Griechenland Archi tis Analogikotitas
Verfassungsrahmen
Die Syntagma tis Ellados von 1975 (Verfassung) wurde 2001 reformiert. Seither enthaelt Art 25 I 4 Syntagma eine ausdrueckliche Verhältnismäßigkeitsklausel:
Hoi tetoiou eidous periorismoi tha prepei na problepontai eite apefthelias apo to Syntagma eite apo ton nomo eite, ef oson hyparchei epifylaxi yper autou, kai apo ton nomo na sebontai ten archi tes analogikotetas.
Damit hat der Verfassungsgeber das Verhältnismäßigkeitsprinzip (archi tis analogikotitas) ausdruecklich verankert. Vor 2001 hatte es die Rechtsprechung des Symvoulio tis Epikrateias und des Areios Pagos aus dem Rechtsstaatsprinzip und der EMRK gewonnen.

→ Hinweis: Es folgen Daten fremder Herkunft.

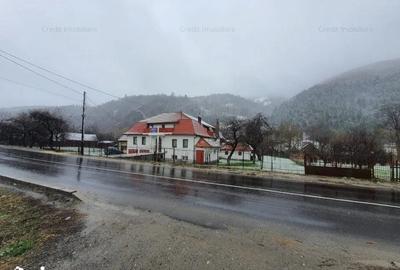 PENSIUNE aplasata in frumoasa statiune BRAN/MOIECIU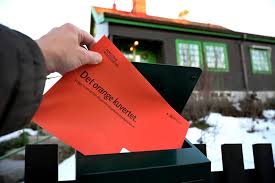 Understanding the Fire-Orange Envelope from the Swedish Pensions Agency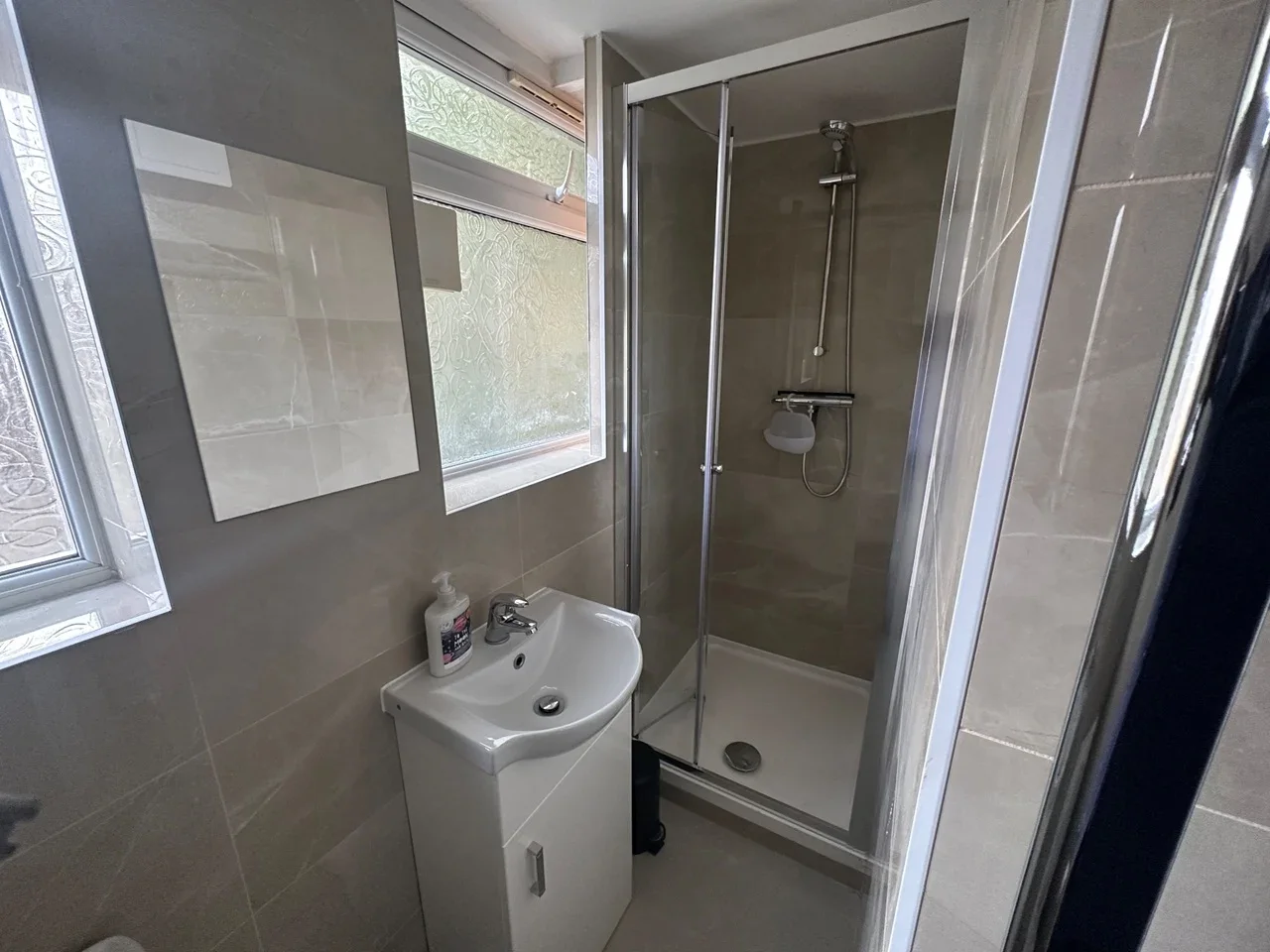 Room Oswald Road in Greater London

Drei Stufen der Analogikotita
Die Rechtsprechung des Symvoulio tis Epikrateias (StE) und des Anotato Eidiko Dikastirio (AED) prüft Eingriffsmassnahmen in drei Stufen:
- Katallilotita (Geeignetheit): das Mittel ist zur Zielerreichung geeignet.

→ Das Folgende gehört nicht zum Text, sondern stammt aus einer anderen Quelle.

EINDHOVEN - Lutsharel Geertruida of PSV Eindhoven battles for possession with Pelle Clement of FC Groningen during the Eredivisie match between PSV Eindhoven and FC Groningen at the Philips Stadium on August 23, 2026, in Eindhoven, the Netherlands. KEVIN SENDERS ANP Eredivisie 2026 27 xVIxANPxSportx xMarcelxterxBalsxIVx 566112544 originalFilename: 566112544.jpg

- Anagkaiotita (Erforderlichkeit): kein milderes gleich wirksames Mittel.
- Stenh ennoia analogikotitas (Verhältnismäßigkeit im engeren Sinn): die Nachteile für den Betroffenen sind nicht ausser Verhältnis zum Zweck.
Leading cases:
- StE Olomeleia 2112/1984 und 1303/1983 (vorvefasste Linie),
- StE 2192/2014 (Sparmassnahmen waehrend Schuldenkrise, Wesensgehalt der Beamtenbesoldung),
- StE Olomeleia 668/2012 (Memorandum-Sparmassnahmen, Globalpruefung),
- StE 1972/2012 (Eigentum und Telekommunikation),
- StE 1992/2016 (Datenschutz / oeffentliche Aufgabenwahrnehmung).
Anotato Eidiko Dikastirio und Areios Pagos
Das AED (Art 100 Syntagma) ist Sondergericht für Verfassungs- und Verfassungsmaessigkeitsfragen. Der Areios Pagos (oberstes Zivil- und Strafgericht) prüft die Verhältnismäßigkeit über EMRK und EU-Charta. Der StE (Staatsrat) ist faktisch die zentrale Instanz für Verfassungs-Verhältnismäßigkeitsfragen.
Wesensgehalt
Art 25 I 4 Syntagma enthaelt keinen expliziten Wesensgehaltsschutz wie Art 19 II GG. Die Rechtsprechung leitet einen Kerngehaltsschutz jedoch aus Art 2 I Syntagma (Wuerde des Menschen) und der EMRK ab. StE 2192/2014 hat etwa für Beamtenbesoldung einen abwaegungsfesten Kern (axioprepi diavioshs / Mindestlebensbedingungen) anerkannt.
Strukturunterschiede
| Deutschland | Griechenland |
|---|---|
| Vier Stufen sequenziell | Drei Stufen Katallilotita Anagkaiotita Stenh ennoia |
| Wesensgehalt Art 19 II GG | Kein expliziter Wesensgehalt; Kerngehalt über Art 2 I Syntagma und EMRK |
| Schutzbereich-Eingriff-Rechtfertigung getrennt | Prüfung über Art 25 I 4 Syntagma |
| Einschaetzungspraerogative national | Diakritiki evcheria tou nomotheti, eng bei Eingriffen |
| Praktische Konkordanz | Stathmisi agathon kai dikaiomaton |
| Untermassverbot ausgeprägt | Ypochreosi positivis prostasias nach Art 2, 5 Syntagma |
Bedeutung für den Prüfer
Bei griechischen Bezuegen:
- Art 25 I 4 Syntagma als zentrale Schranken-Schranke benennen.
- Drei Stufen ausdruecklich auf Griechisch (oder transliteriert) zitieren.
- Bei Sparmassnahmen StE Olomeleia 668/2012 und 2192/2014 als methodische Standardzitate.
- EMRK und EU-Charta als zusaetzlichen Maßstab nutzen.
Live-Recherche-Disclaimer
Entscheidungen vor Zitierung verifizieren über das offizielle Portal des Symvoulio tis Epikrateias (adjustice gr / ste gr). Volltexte auch in Themis und Theoria kai Praxis Dioikitikou Dikaiou (ThPDD). Aktenzeichen Nummer/Jahr; Olomeleia (Plenum) oder Tmema (Senat) beachten.